Dataset content
:::::
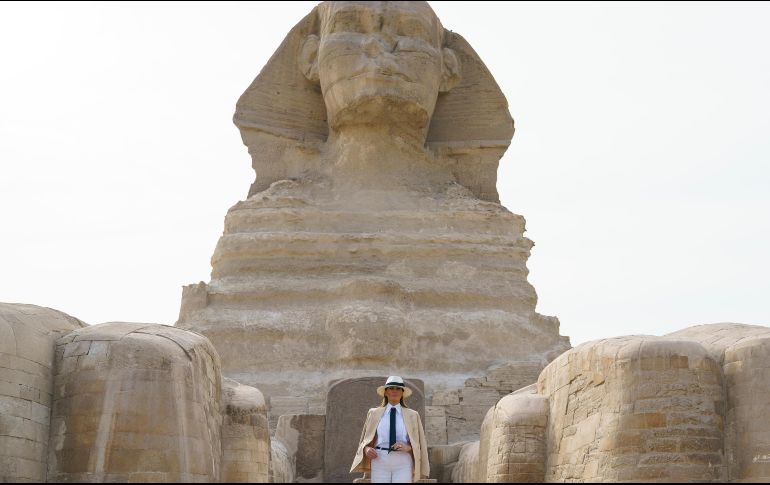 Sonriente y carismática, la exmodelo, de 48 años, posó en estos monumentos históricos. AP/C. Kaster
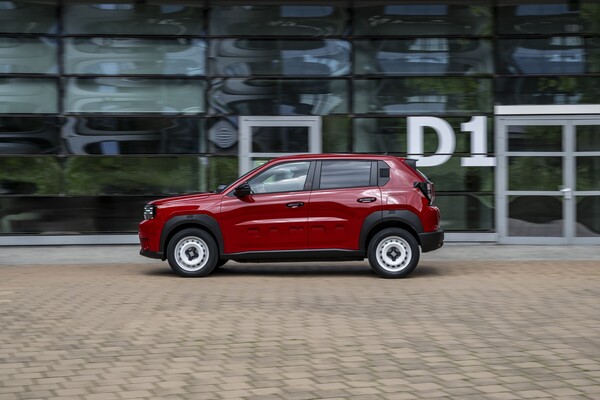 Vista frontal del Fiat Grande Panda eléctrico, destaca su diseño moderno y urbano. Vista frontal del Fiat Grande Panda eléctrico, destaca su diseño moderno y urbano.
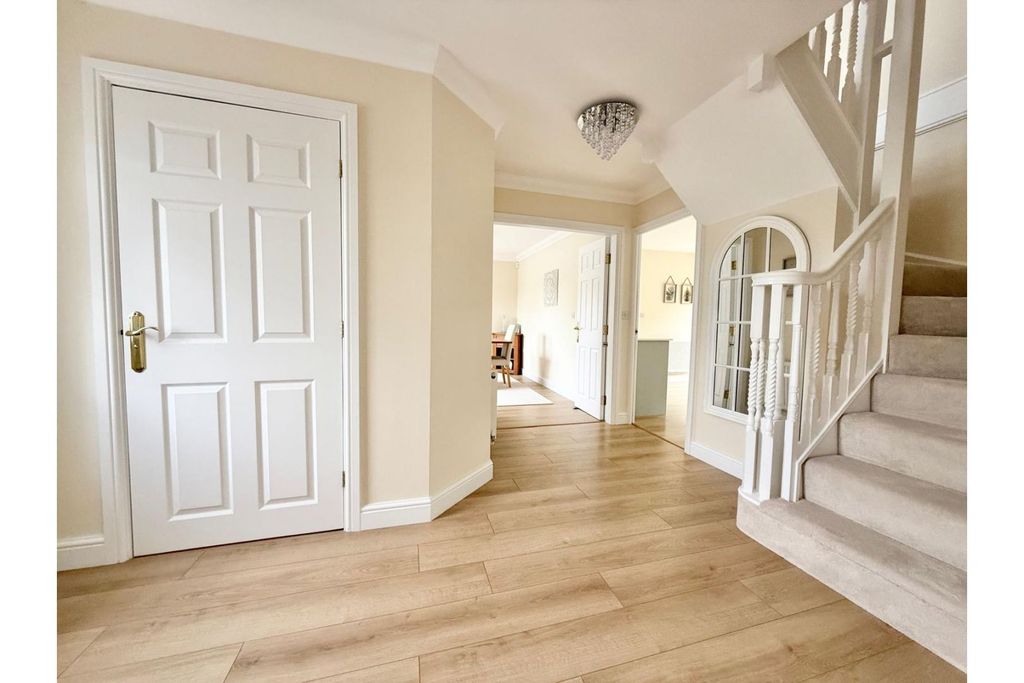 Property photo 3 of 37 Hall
:::::
Work to be completed
Return the listing verbatim, pictures excluded.

Solution to this problem
 Sonriente y carismática, la exmodelo, de 48 años, posó en estos monumentos históricos. AP/C. Kaster
 Vista frontal del Fiat Grande Panda eléctrico, destaca su diseño moderno y urbano. Vista frontal del Fiat Grande Panda eléctrico, destaca su diseño moderno y urbano.
 Property photo 3 of 37 Hall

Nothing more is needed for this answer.